The nation’s long-term spending trajectory remains on a fiscal collision course. Total spending has exploded by 25 percent since 2004, even after inflation, and some programs have grown far more than that. Defense spending, however, is being cut. Social Security, Medicare, and Medicaid are so large and growing that they are on track to overwhelm the federal budget. These major entitlement programs, together with interest on the debt, are driving 85 percent of the projected growth in government spending over the next decade. The Affordable Care Act, or Obamacare, further adds to the problem, increasing entitlement spending by nearly $2 trillion in just 10 years. The long-term unfunded obligations in the nation’s major entitlement programs loom like an even darker cloud over the U.S. economy. Demographic and economic factors will combine to drive spending in Medicare, Medicaid (including Obamacare), and Social Security to unsustainable heights. The major entitlements and interest on the debt are on track to devour all tax revenues in fewer than 20 years.

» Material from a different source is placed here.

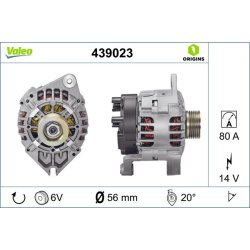 Alternateur VALEO 439023 pour CITROEN, FIAT, LANCIA, PEUGEOT OE 5705E6 VALEO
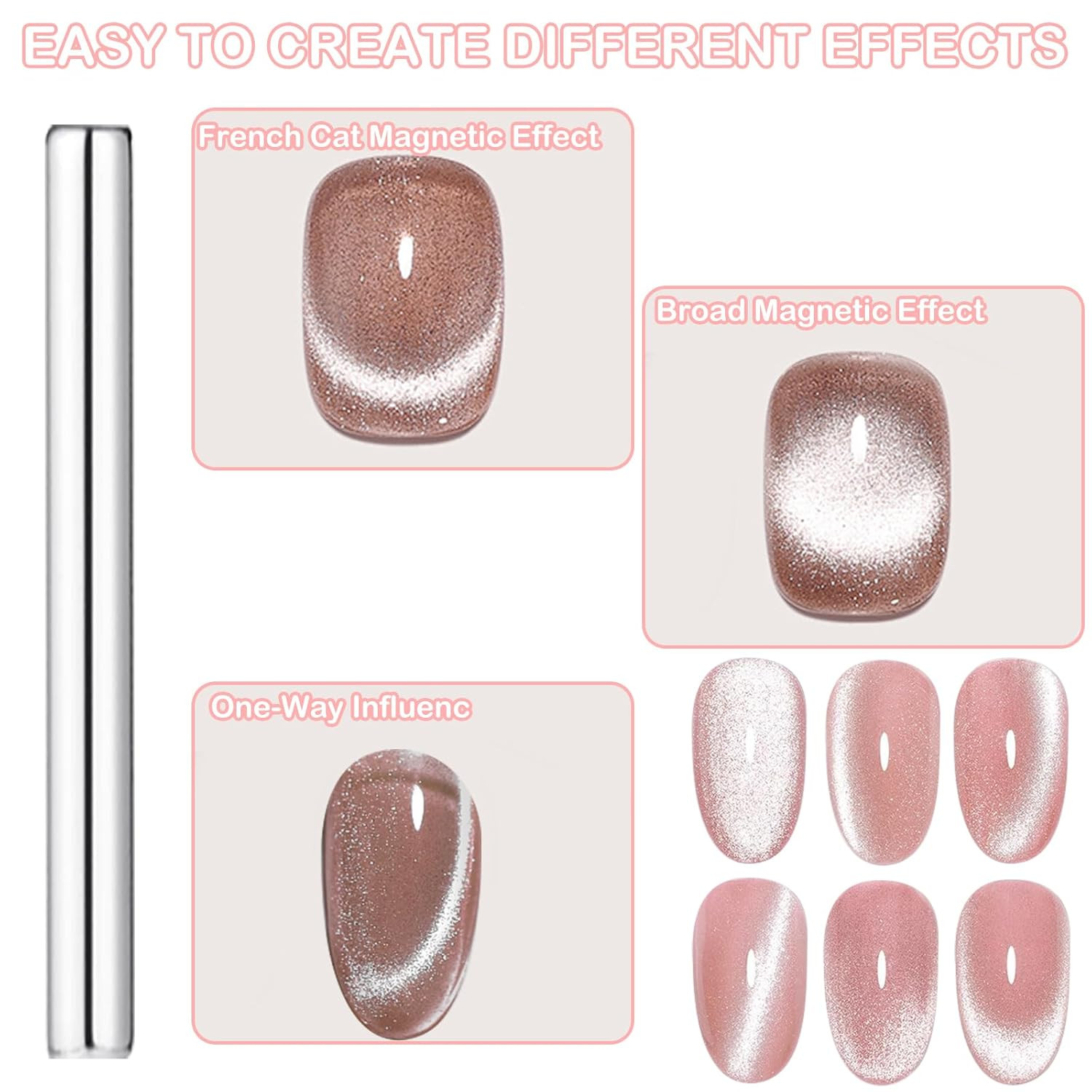 4Pcs Cat Eye Magnet for Nails, Nail Magnets Cat Eye Magnet for Nails Art, Double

solutions_2016_federal-budget-1

Over the 75-year long-term horizon, the combined unfunded obligations arising from promised benefits in Medicare and Social Security alone exceed $50 trillion. The federal unfunded obligations arising from Medicaid, and even from veterans’ benefits, are unknown but would likely add many trillions more to this figure. By some estimates, the U.S. federal government’s combined unfunded obligations already exceed $200 trillion in today’s dollars. Figures such as these are simply unfathomable.

While the Budget Control Act of 2011 and sequestration are modestly restraining the discretionary budget, Congress continues to fund too many programs that represent corporate welfare. Corporate welfare and crony capitalism waste taxpayer resources by spending resources taken for the public benefit on a narrower, well-connected interest group instead. Taxation creates economic distortions. Excess taxation, that goes beyond what is necessary to pay for constitutional government, needlessly wastes taxpayer and economic resources. Every dollar spent by the federal government for the benefit of a well-connected interest group is a dollar that is no longer available to American families and businesses to spend and invest to meet their own needs and wants. Corporate welfare spending is especially morally concerning when government spends resources that belong to the next generation of Americans to fund consumption spending today—or, in other words, when spending makes current Americans better off at the expense of future Americans.